The np.linalg.inv function is used to compute the inverse of a matrix.
The @ operator is used for matrix multiplication in Python.

A quick cheatsheet can be found here for MATLAB users to get started with Python.

But it is never a good idea to use matrix inverse to solve the linear equations, because it can be

numerically unstable
computationally expensive

For interested readers, here’s a good writeup on why one should never invert a matrix for Ax=b.

Non-Inversion Method#

Instead, we can use the np.linalg.solve function to solve the linear equations.

x = np.linalg.solve(A, b)

print(x)

[ 0.90909091  1.36363636 -0.54545455]

np.linalg.solve uses the LU decomposition to solve the equations.

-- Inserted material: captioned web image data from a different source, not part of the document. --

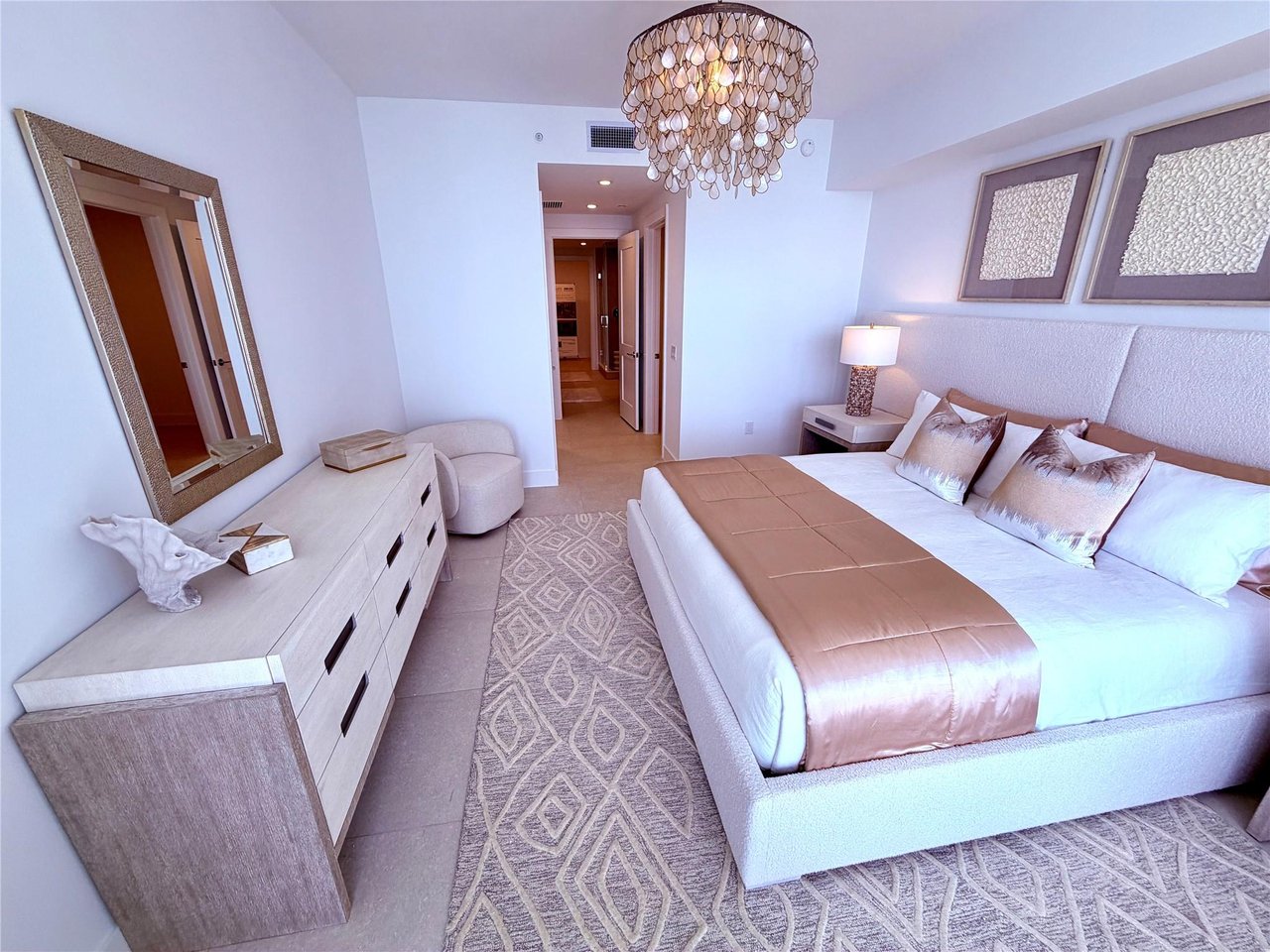 153 N Seabreeze blvd S-2101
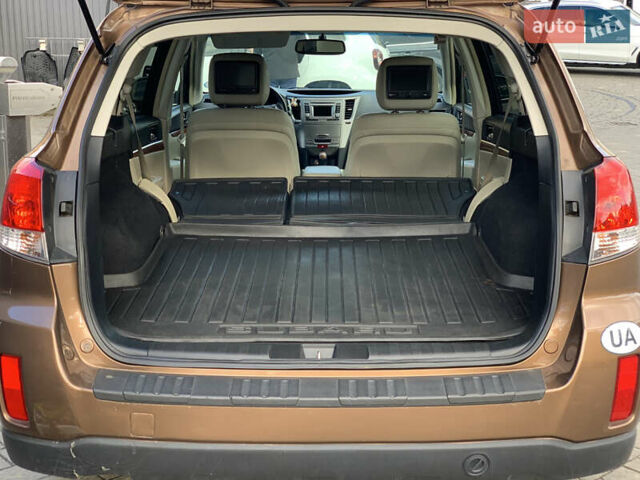 Коричневый Субару Аутбек, объемом двигателя 2.46 л и пробегом 255 тыс. км за 3000 $, фото 19 на Automoto.ua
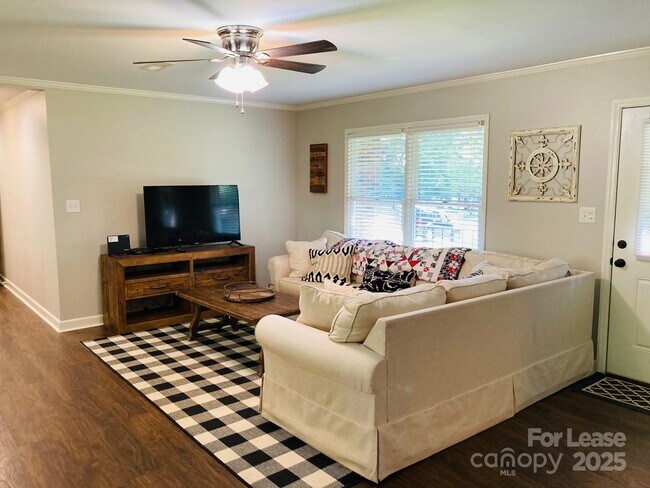 Foto del edificio - 4969 Moonlite Bay Dr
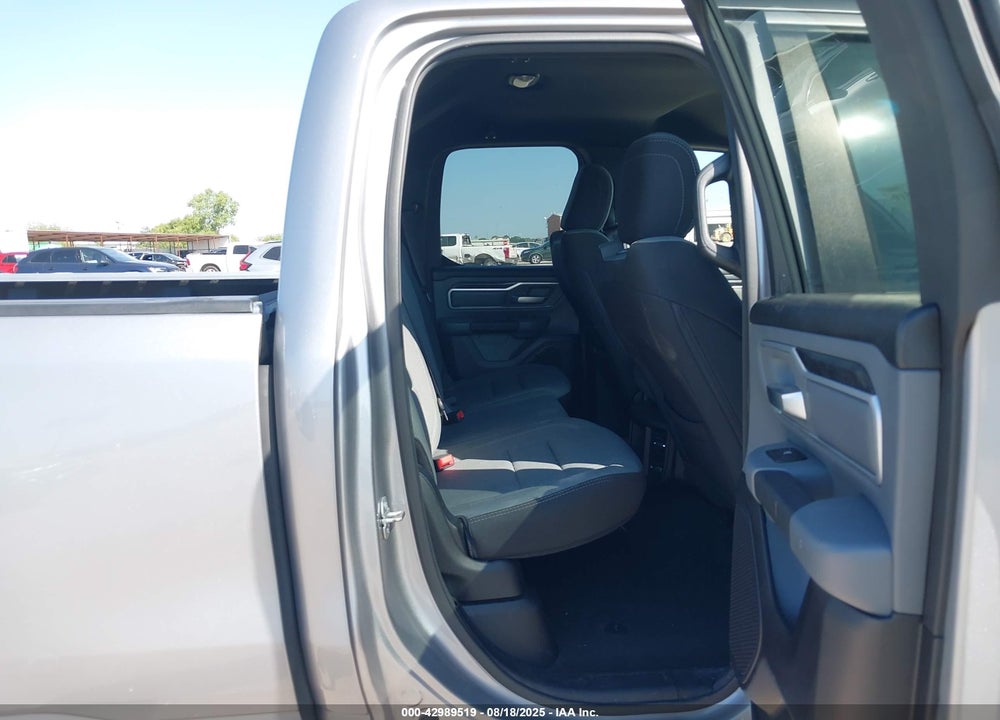 2022 RAM 1500 VIN: 1C6RREBG3NN276579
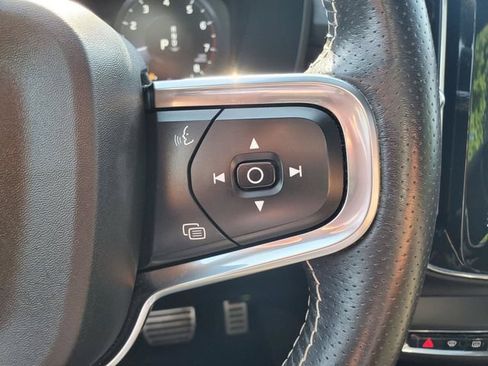 Used 2021 Volvo XC40 T5 R-Design AWD/4WD image 20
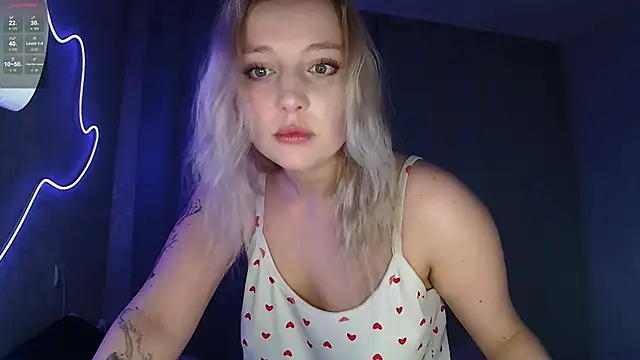 Snapshot of _K1ra_S1n_ chatting on December 17, 2025, 3:51 pm K1ra S1n online show from December 17, 2025, 3:51 pm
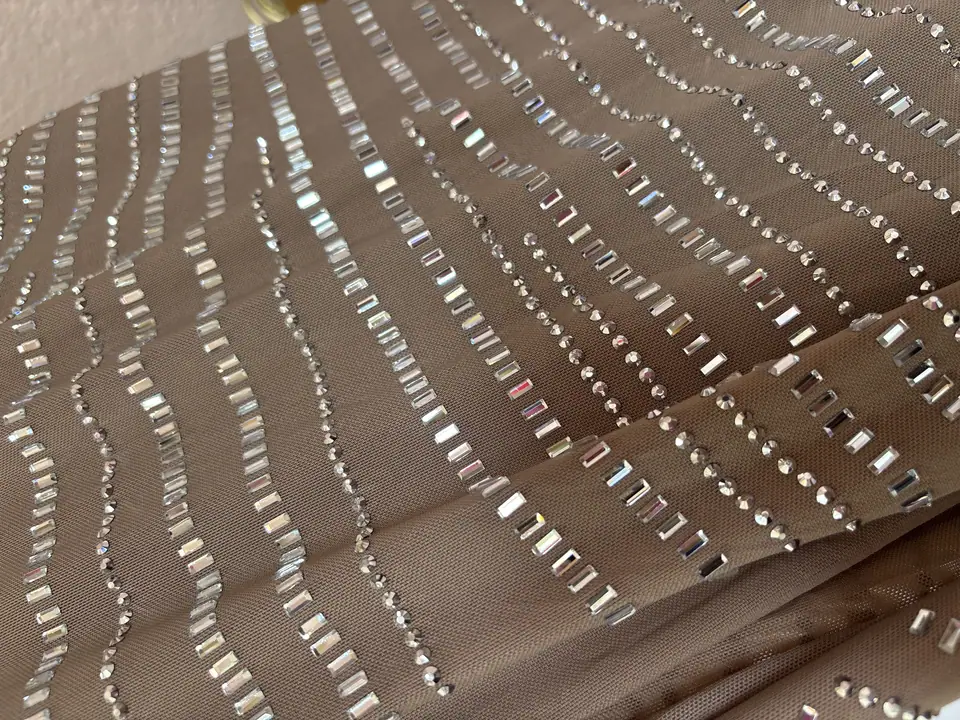 Vestido de brillos completo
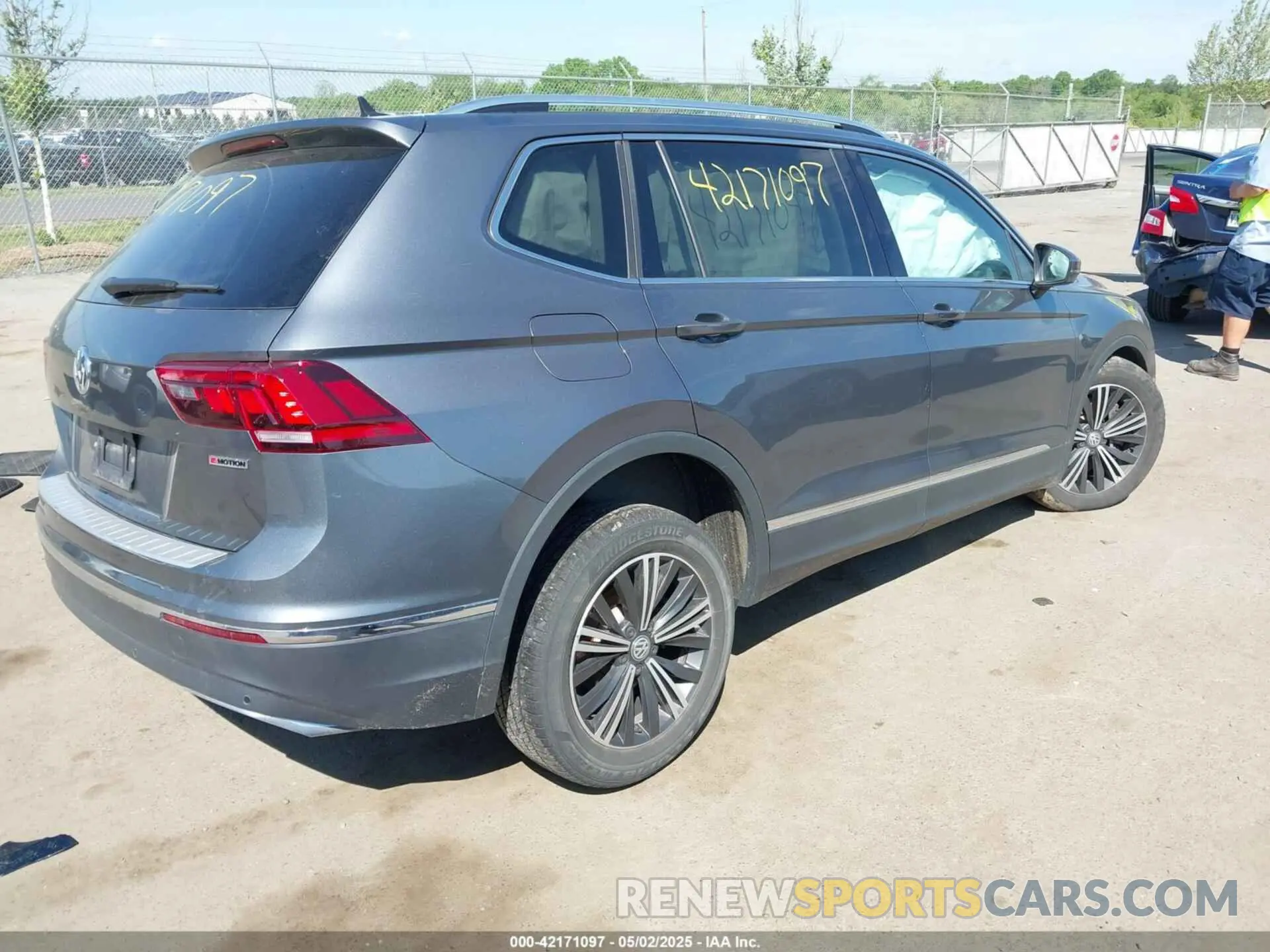 4 Photograph of a damaged car 3VV2B7AXXKM084286 VOLKSWAGEN TIGUAN 2019
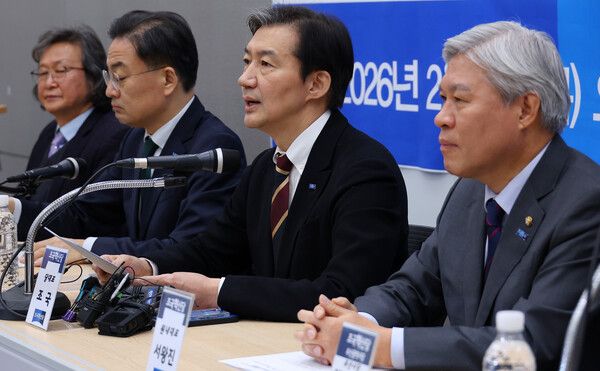 조국혁신당&nbsp;조국 대표가 5일 부산 동구 부산항컨벤션센터에서 열린 부산현장최고위원회에서 민주당과 합당 관련 발언을 하고 있다. [사진=연합뉴스]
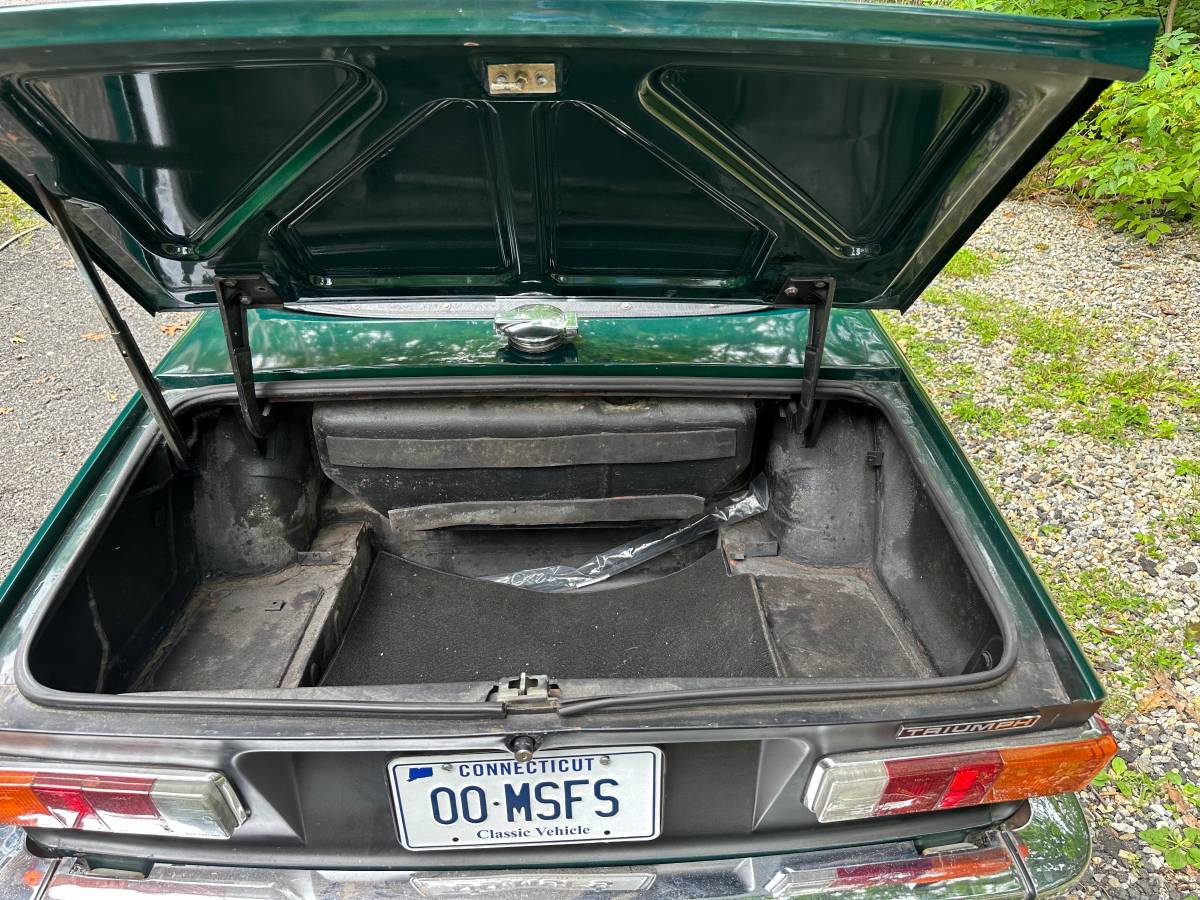 Triumph-tr6-convertible-1974-green-6
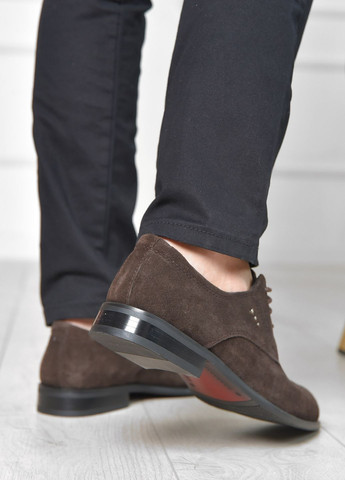 Туфлі чоловічі коричневого кольору Let's Shop (265911021)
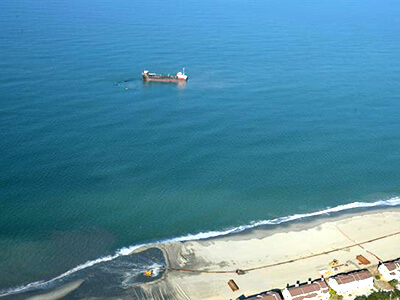 Maintenance Dredging at Wilmington Harbor Inner Ocean Bar in United States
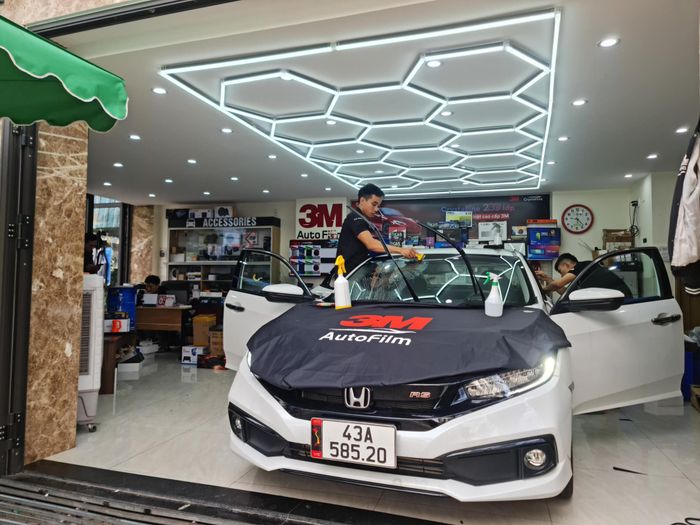 Showroom trưng bày sản phẩm tại Nội Thất Ô Tô Xanh - Ảnh 2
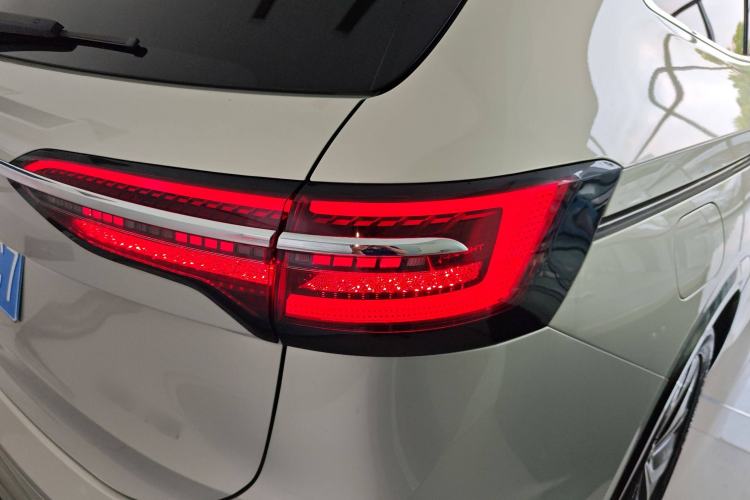 Used Volkswagen Viloran 2024 330TSI Luxury Edition
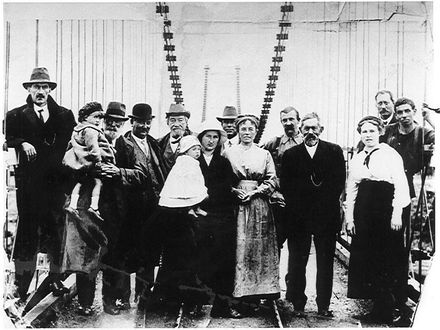 Opening of Rangitane Suspension Bridge, Jan. 1918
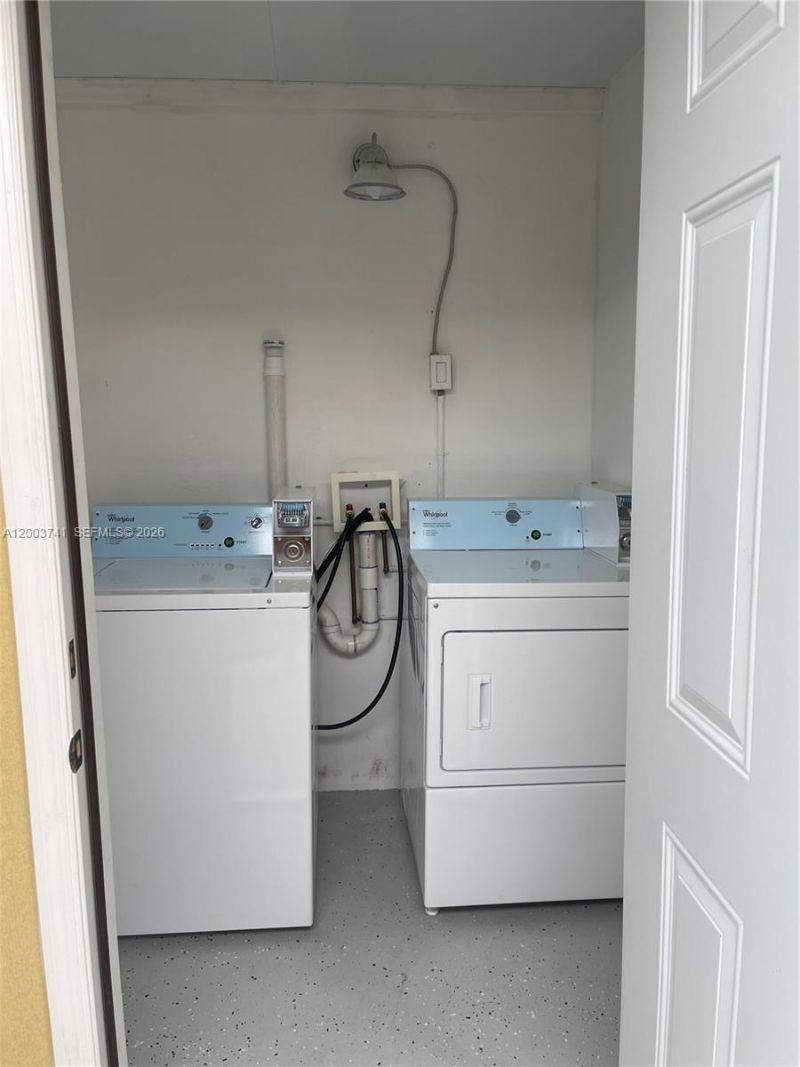 317 E 8th St , Unit 3, Hialeah, FL 33010 Photo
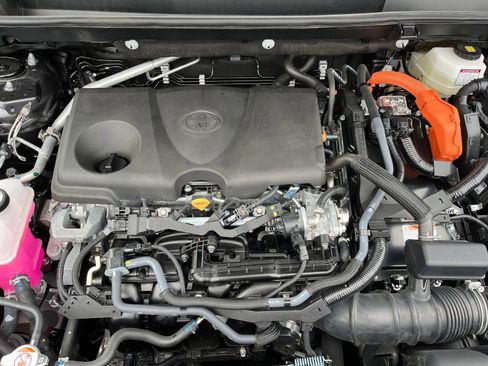 Used 2025 Toyota RAV4 LE image 31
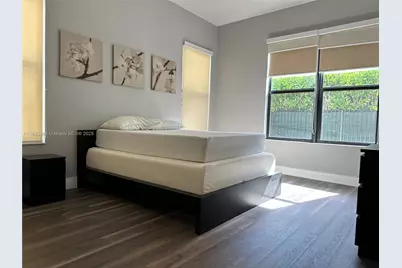 3278 W 97th Ter, Hialeah, FL 33018 - Photo 52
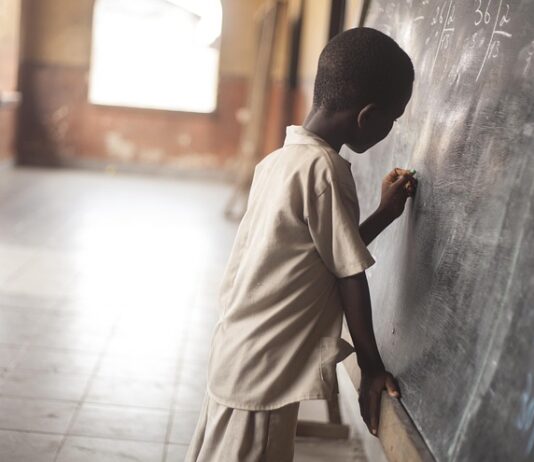 Jak się pisze po angielsku parasol?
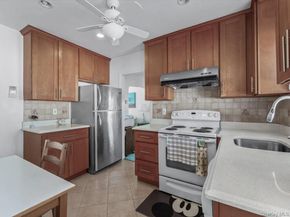 38 Leslie Lane, New Hyde Park NY 11040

It needs to be understood that the actual decomposition is performed by an underlying library, LAPACK, written in C/Fortran. This is a good example of how Python can be used as a “glue” language to combine different libraries and offer an high-level interface.

LU Decomposition#

LU decomposition (also called LU factorization) is a way to turn a square matrix \(A\) into a lower triangular matrix \(L\) and an upper triangular matrix \(U\), so that \(A = PLU\), where P is a permutation matrix, and L and U are lower and upper triangular matrices.

SciPy allows one to decompose a matrix into LU with scipy.linalg.lu and reapply the decomposition to solve different right-hand side vectors.

from scipy.linalg import lu, lu_factor, lu_solve

lu, piv = lu_factor(A)
# `piv` is the pivot indices; you can read more here:
# https://docs.scipy.org/doc/scipy/reference/generated/scipy.linalg.lu_factor.html

x = lu_solve((lu, piv), b)

print(x)

[ 0.90909091  1.36363636 -0.54545455]

If the A matrix stays the same but b changes each time, you can reuse (lu, piv) by calling lu_solve multiple times. This will save the computational cost of repeated LU decomposition, which is the most expensive part in solving linear equations.

Sparse Linear Equations#

A set of equations is called sparse if the \(A\) matrix has many zero elements. When using sparse matrix types to store \(A\), the linear equations can be solved with better efficiency and less memory usage.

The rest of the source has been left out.